St Cuthbert's church contains a monument to a local benefactress, Eleanor Engayne, who died about the year 1395; according to the Topography and Directory of Westmorland, 1851, the manor of Clifton was given in the reign of Henry II, by Hugh de Morville, one of Thomas Becket's murderers, to Gilbert de Engayne, with whose descendants it continued till their heiress, Eleanor, in 1364, carried it in marriage to William de Wyberg.

===Transport===
There once were two railway stations, the 1846 Clifton station (later named Clifton and Lowther railway station) was on the Lancaster and Carlisle Railway (now part of the West Coast Main Line WCML), it closed to passengers in 1938.

Another station Clifton Moor station was on the Eden Valley Railway and opened 1863, closing in 1962. Confusingly Clifton & Lowther Station was at a hamlet known as Clifton Moor.
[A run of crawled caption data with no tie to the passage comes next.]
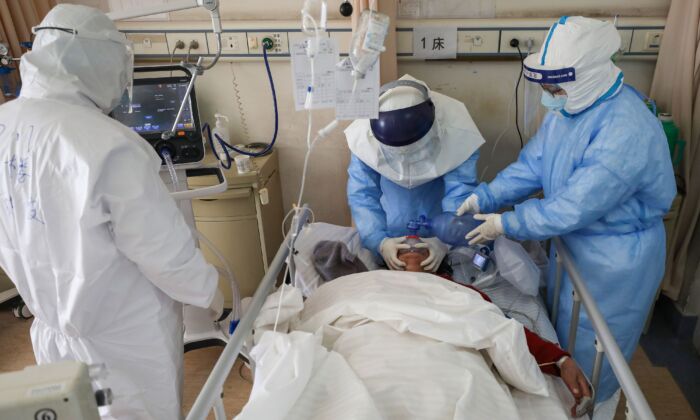 Miembros del personal médico tratan a un paciente infectado por el coronavirus COVID-19 en el Hospital de la Cruz Roja de Wuhan, en la provincia de Hubei, China, el 16 de febrero de 2020. (STR/AFP vía Getty Images)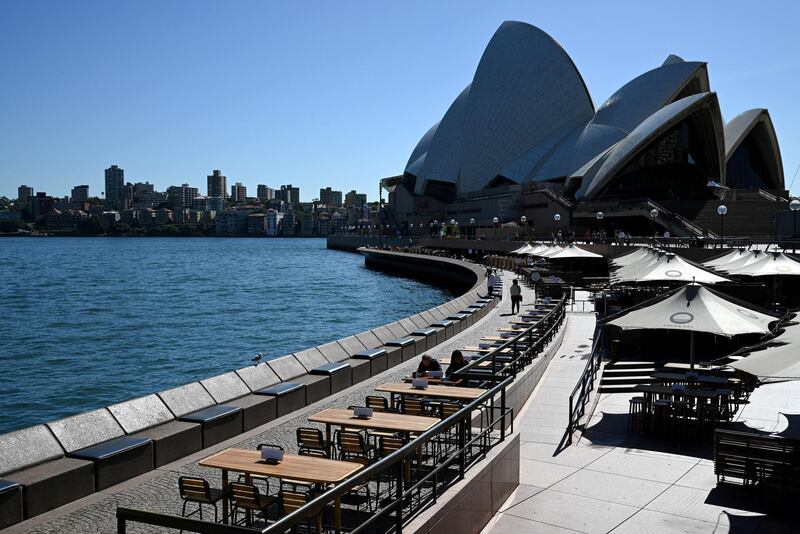 Tables at an open restaurant are seen mostly deserted on a quiet morning at the waterfront of the Sydney Opera House, where scheduled public performances have been cancelled due to the coronavirus disease (COVID-19), in Sydney, Australia, March 18, 2020.  REUTERS/Loren Elliott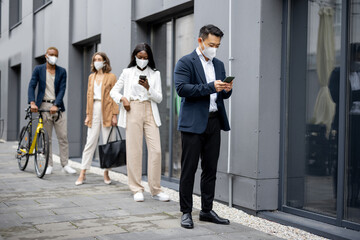 Multiracial businesspeople in medical masks waiting in queue on city street. Concept of business during Coronavirus pandemic. Idea of break on job. Businessmen and businesswomen wearing formal wear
The nearest station is now Penrith railway station.

At the boundary with the civil parish of Yanwath and Eamont Bridge where the west coast mainline railway crosses the river Lowther is Hugh's Crag Viaduct (also known as Lowther Viaduct, or Clifton Viaduct) built in 1846.

The M6 motorway now also runs through the parish.

===Other===
The former Wetheriggs Pottery also is within the civil parish, east of the village.

Clifton Hall is a 15th-century Pele tower.